Hi everyone!

I’m trying to compute the gradient with respect to a certain circuit parameter and I would like to do it efficiently. I know there exist several efficient methods for this in Yao, i.e., faithful_grad() and expect’(). However, as far as I understand this computes the gradient with respect to all circuit parameters and I’m only interested in one particular parameter.
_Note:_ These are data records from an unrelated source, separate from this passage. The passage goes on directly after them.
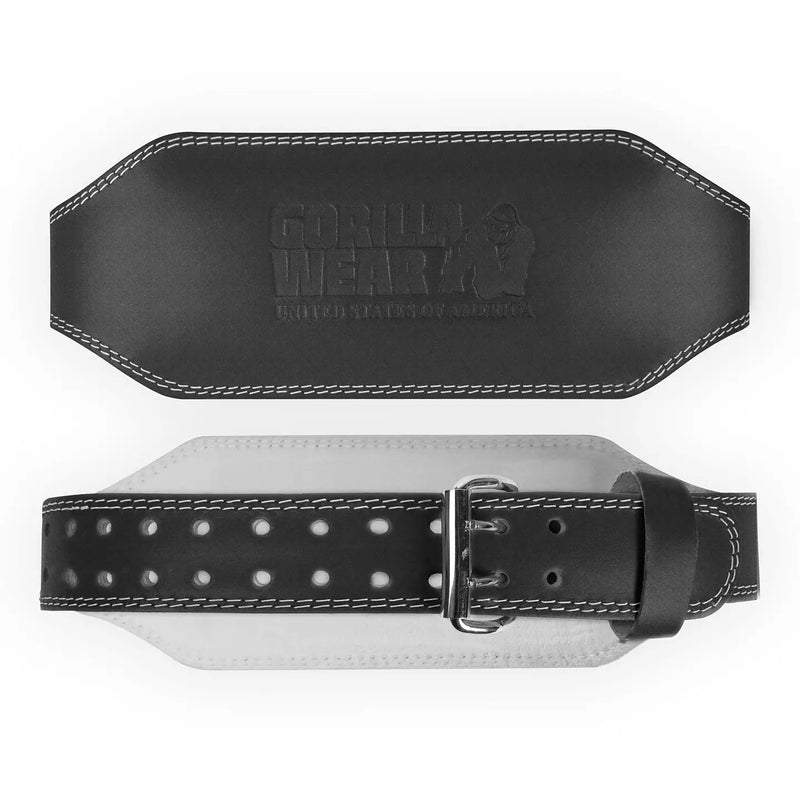  Ladda bild till gallerivisaren, Gorilla Wear 6 Inch Padded Leather Belt, black/black
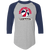 Memphis Pros Raglan Shirt ABA Basketball color Athletic Heather/Navy Blue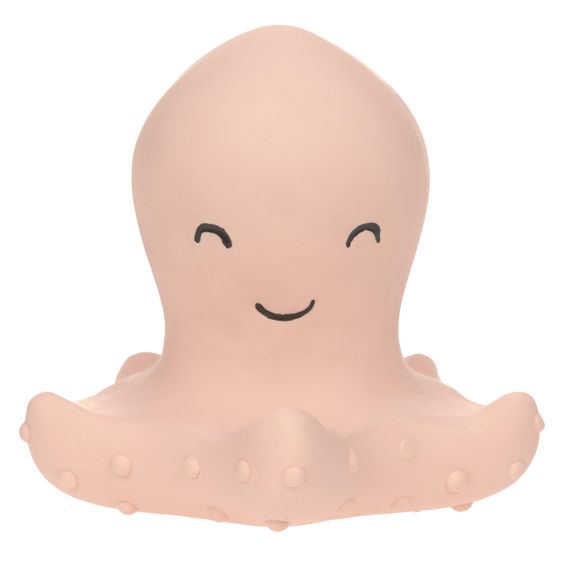 Lässig Badespielzeug Natural Rubber - Octopus - Rose
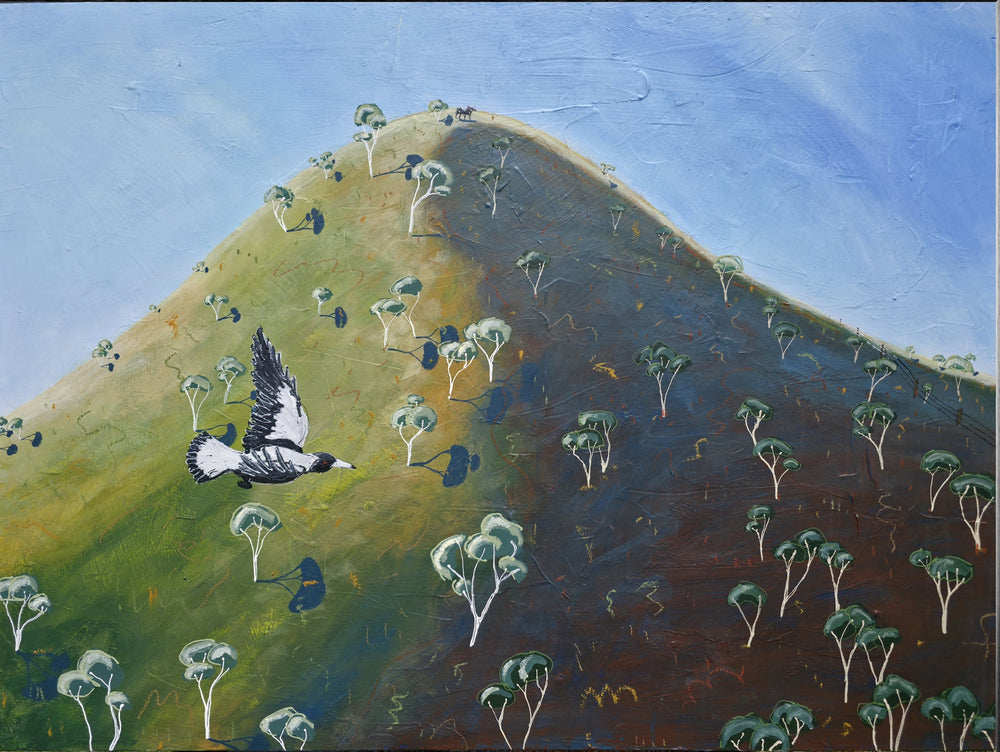 Sam Patterson-Smith - Dawn on the Hills No.1. (Diptych)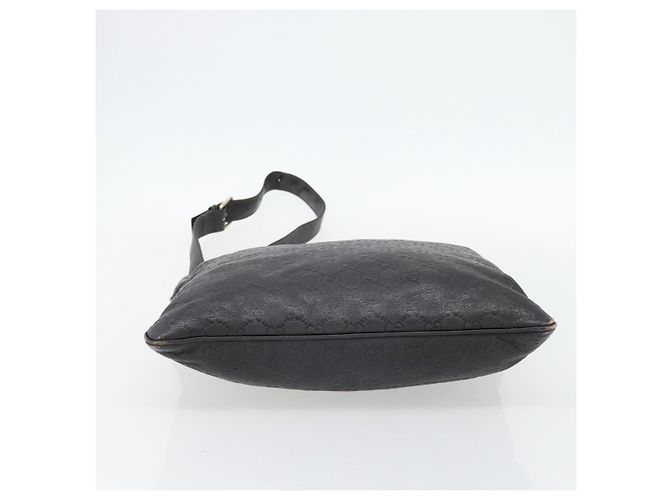 Borsa GUCCI GG Canvas Guccissima in Pelle Marrone Scuro Argento 201446 Auth 181269 - vista 9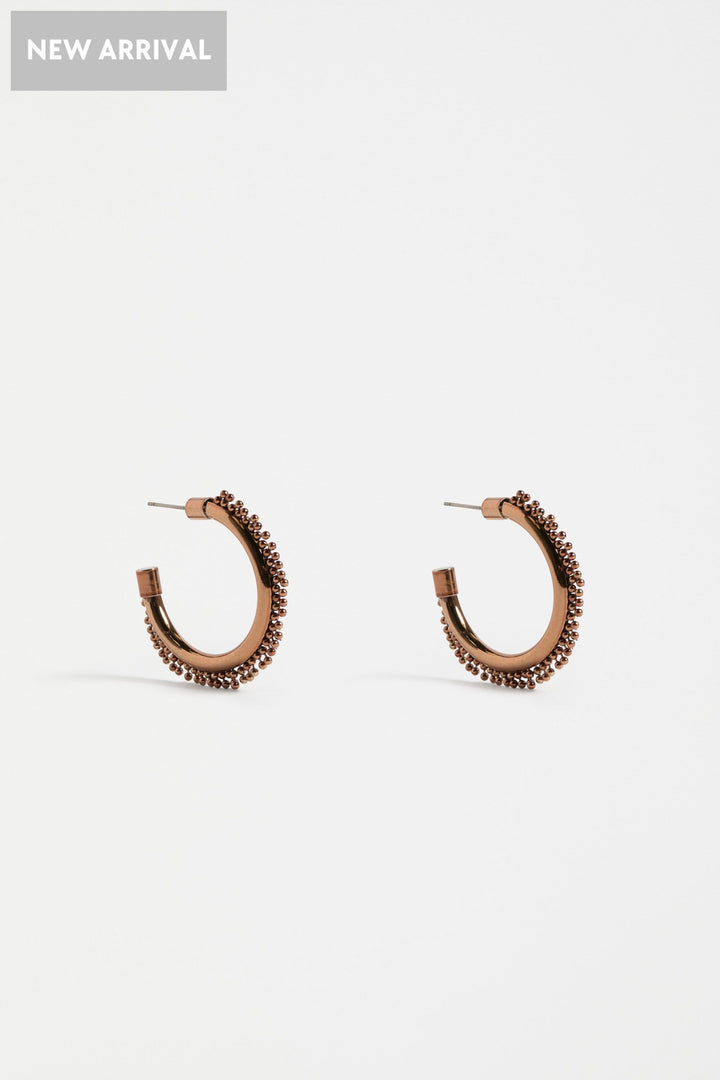 ELK JEWELLERY BRONZE SATTA HOOP EARRING - E0573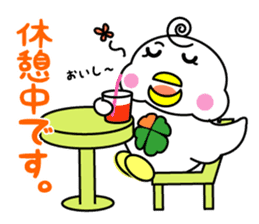 Yotsu-Bird carring happiness Part2 sticker #13501756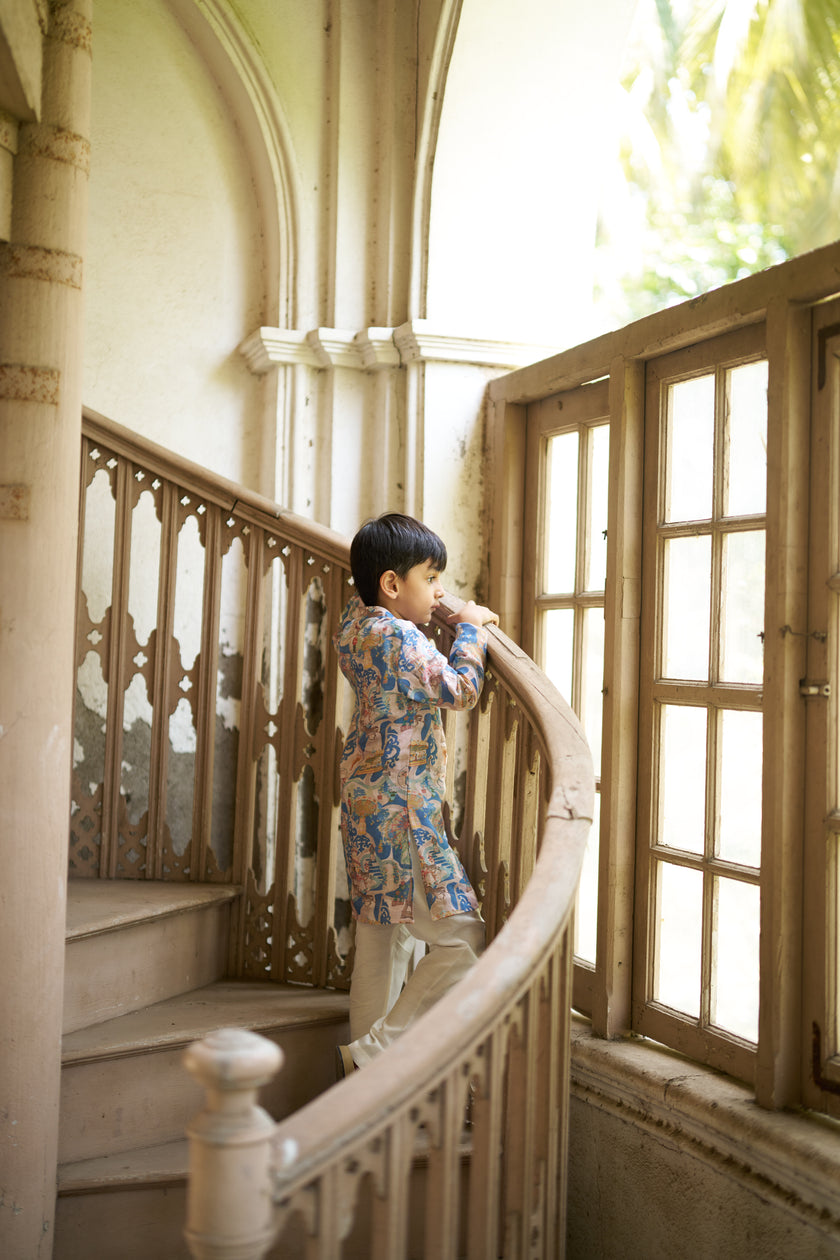 The Voyager's Edit Pure Linen Kurta Pajama Set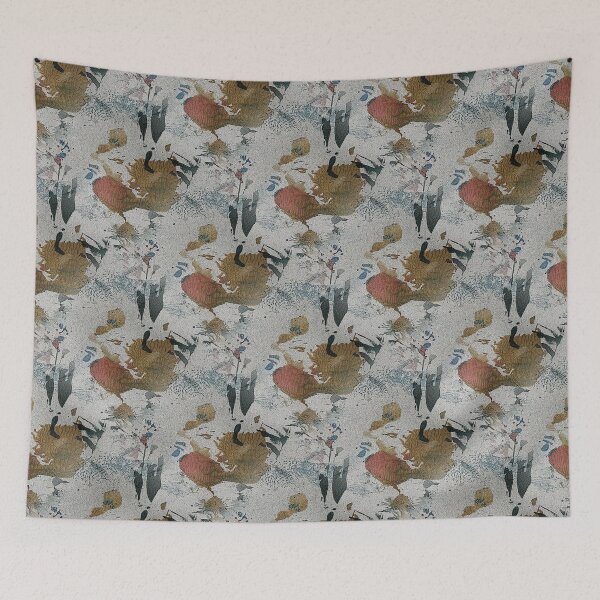 Item preview, Underwater Fish Abstract Pattern in Orange  designed and sold by Artistestella.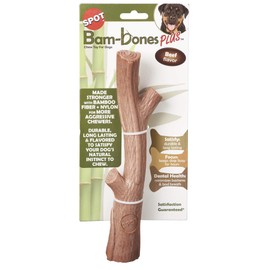 Ethical Pet Bambone Plus Stick Dog Chew Toy, 9.5 Inch, Non-Splintering Alternative to Real Wood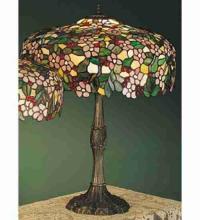 Meyda Green 31148 - 26" High Tiffany Cherry Blossom Table Lamp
At the moment, I’m doing it as follows:

```
const SINGLE_GATES = [Rx, Ry, Rz]
@const_gate ZZ = mat(kron(Z,Z))
rng = MersenneTwister()
randG = Random.Sampler(rng, SINGLE_GATES)
function circuit_layer(n::Int, β::Array{Float64, 1}, eps::Float64)
U = chain(n)
append!(U, chain(n, put(n, loc=>chain(rand(rng,randG)((2*rand())*eps*π))) for loc = 1:n))
for j = 1:n-1
append!(U, chain(n, put(n, (j,j+1)=>rot(ZZ, β[j]))))
end
return U
end
function cgrad_flayer(n::Int, β::Array{Float64, 1}, eps::Float64, θ::Array{Float64, 1}, pm::Int)
U = chain(n)
θ[1] = θ[1] + pm*(π/2)
append!(U, chain(n, put(n, loc=>chain(rand(rng,randG)(θ[loc]))) for loc = 1:n))
for j = 1:n-1
append!(U, chain(n, put(n, (j,j+1)=>rot(ZZ, β[j]))))
end
return U
end
function get_gradients(pmax::Int, spacing::Float64, n::Int, eps::Float64, O::PutBlock)
fp = trunc(log2(pmax))
times = union(trunc.([2^i for i in 1:spacing:fp]))
ψ1 = Yao.uniform_state(n)
ψ2 = Yao.uniform_state(n)
β = (π*0.5)*(2.0*rand(n-1) .- 1.0)
θ = (2*π*eps)*rand(n)
grads = zeros(length(times))
count = 0
ψ1 |> cgrad_flayer(n, β, eps, θ, 1)
ψ2 |> cgrad_flayer(n, β, eps, θ, -1)
for t in 1:last(times)
U = circuit_layer(n, β, eps)
ψ1 |> U
ψ2 |> U
if (t in times) == true
count = count + 1
grads[count] = real(expect(O, ψ1)) - real(expect(O, ψ2))
end
end
grads
end
```

Here I’m only computing the gradient with respect to the first parameter of the circuit. The code seems to work but it is way slower than the same code but for the entropy instead. I would really appreciate any advice/suggestion you can provide me.